Discussing the article: "Hilbert-Schmidt Independence Criterion (HSIC)" - page 2

 
Maxim Dmitrievsky #:


I've also noticed that it's often faster to calculate fast MO models to determine dependency than these different criteria, which are usually slower. Although it should be the other way round :)
It takes us time to calculate significance, so it is fast to calculate the statistics itself
[Deleted]  
Evgeniy Chernish #:
It takes us a while to calculate significance, so he's quick with the stats.
Right, I forgot about that.
 
Maxim Dmitrievsky #:
take a longer time lag.

There intervals (X1, X2, Y) do not overlap.

 
Evgeniy Chernish #:
HSIC cannot be used for non-stationary series. It is necessary to take price increments rather than prices. Pearson correlation indicates "dependence" for the same reason.

The computational complexity of HSIC is many orders of magnitude (with significance checks) higher than Pearson, so I expected a different result.

If the increments are independent, but their sums are suddenly "dependent", this is a strange result for such a resource-intensive criterion, even in theory.

[Deleted]  
fxsaber #:

There the intervals (X1, X2, Y) do not overlap.

The sampled ACF of the SB decays even slower or not at all. Roughly speaking, these are meaningless calculations :)

 
Maxim Dmitrievsky #:

The sampled ACF of the SB attenuates even more slowly or not at all

I don't understand the application of this argument to the context of the discussion.

 

Assertion.

If after transforming the series (without loss of information - we can return to the initial state) we obtain independence, then the original series are independent.

[Deleted]  
fxsaber #:

I don't understand the application of this argument to the context of the discussion.

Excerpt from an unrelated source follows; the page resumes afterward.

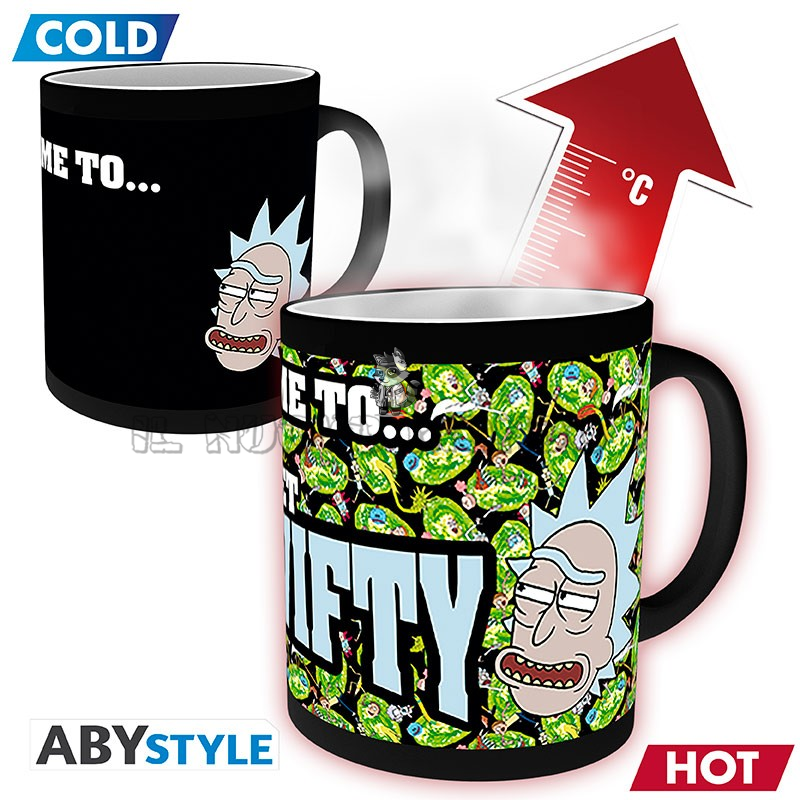 RICK AND MORTY - Get Schwifty - Tazza Termosensibile (AbyStyle)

These methods show not what is expected on non-stationary series. Therefore, we can take the ACF as a basis and explain using it as an example. How correlations change as a function of step t. On the SB, the autocorrelation is time dependent. It is all written, you can read it on the internet.
Autocorrelation is the correlation of the SB with itself, with the lag. It depends on the time lag.
This is the basics of time series analysis.
Read how the simple and sample acf on the SB varies with lag.

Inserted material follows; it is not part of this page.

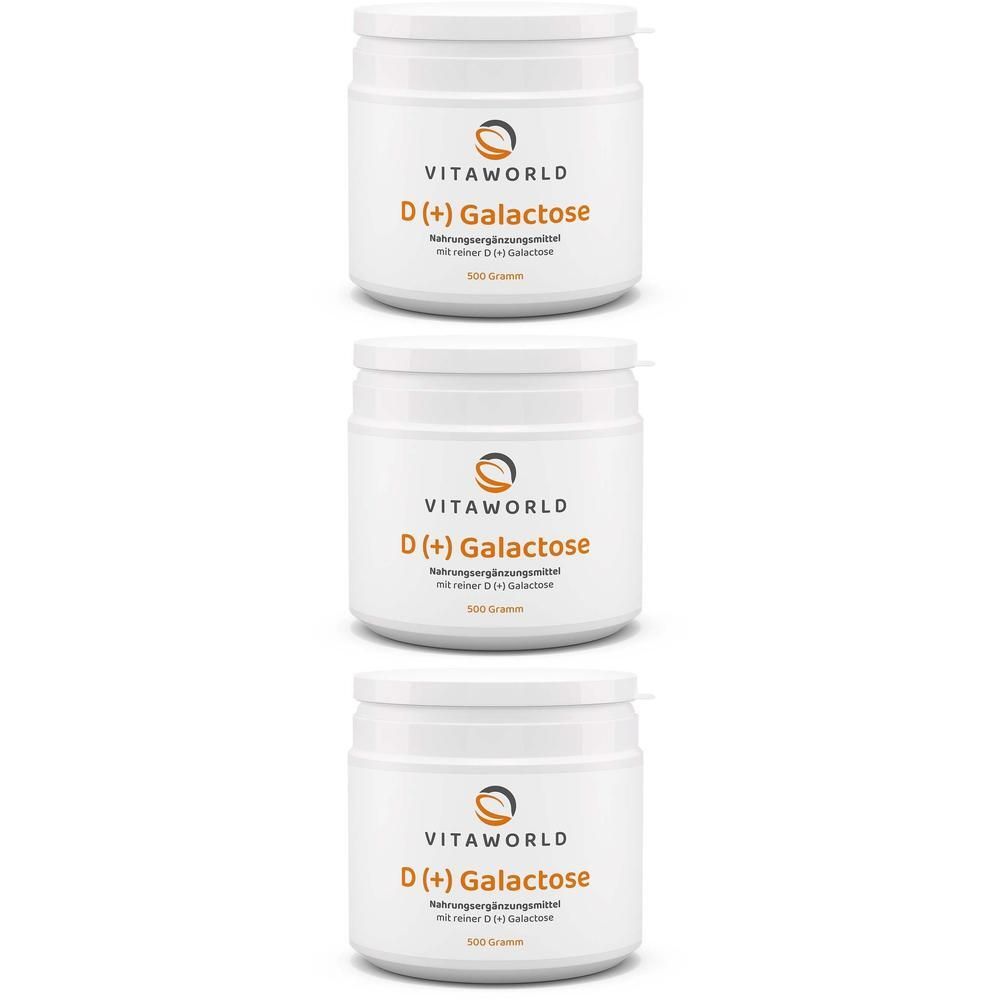 D+ Galactose Pulver x3 3x500 g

The only difference between the method proposed in the article is that it works with non-linear correlations.
 
fxsaber #:

Approval.

If after transforming the series (without loss of information - we can return to the initial state) we obtain independence, then the original series are independent.

Three independent series.

if (SData == Nonlinear_dependence){
double x1 [];
MathRandomUniform(-5,5,data_,x1);
double x2 [];
MathRandomUniform(-5,5,data_,x2);
double y[];
MathRandomUniform(-5,5,data_,y);


we get this result.

Коэффициент корреляции (X1, Y) = 0.0283
Коэффициент корреляции (X2, Y) = -0.0097
----------------Nonlinear_dependence-------------
Время выполнения: 13.469 seconds
-----------------------------------
Number observations 1000
HSIC: 0.00028932
p-value: 0.5100
Critical value: 0.0005
Не отвергаем H0: Наблюдения независимы


Now we transform them into sums (no loss of information).

double sum1 = 0, sum2 = 0, sum = 0;

for (int i=0;i<data_;i++){
x1[i] = (sum1 += x1[i]);
x2[i] = (sum2 += x2[i]);
y[i] = (sum += y[i]);
}


The result is "dependent".

Коэффициент корреляции (X1, Y) = 0.3930
Коэффициент корреляции (X2, Y) = 0.1924
----------------Nonlinear_dependence-------------
Время выполнения: 12.890 seconds
-----------------------------------
Number observations 1000
HSIC: 0.01020060
p-value: 0.0000
Critical value: 0.0009
Отвергаем H0: Наблюдения зависимы
[Deleted]  
fxsaber #:

Three independent rows.


we get this result.


Now convert them into sums (no loss of information).


The result is "dependent".

The loss of information is huge. Trend, seasonality and cycles are removed. It is 2 different time series.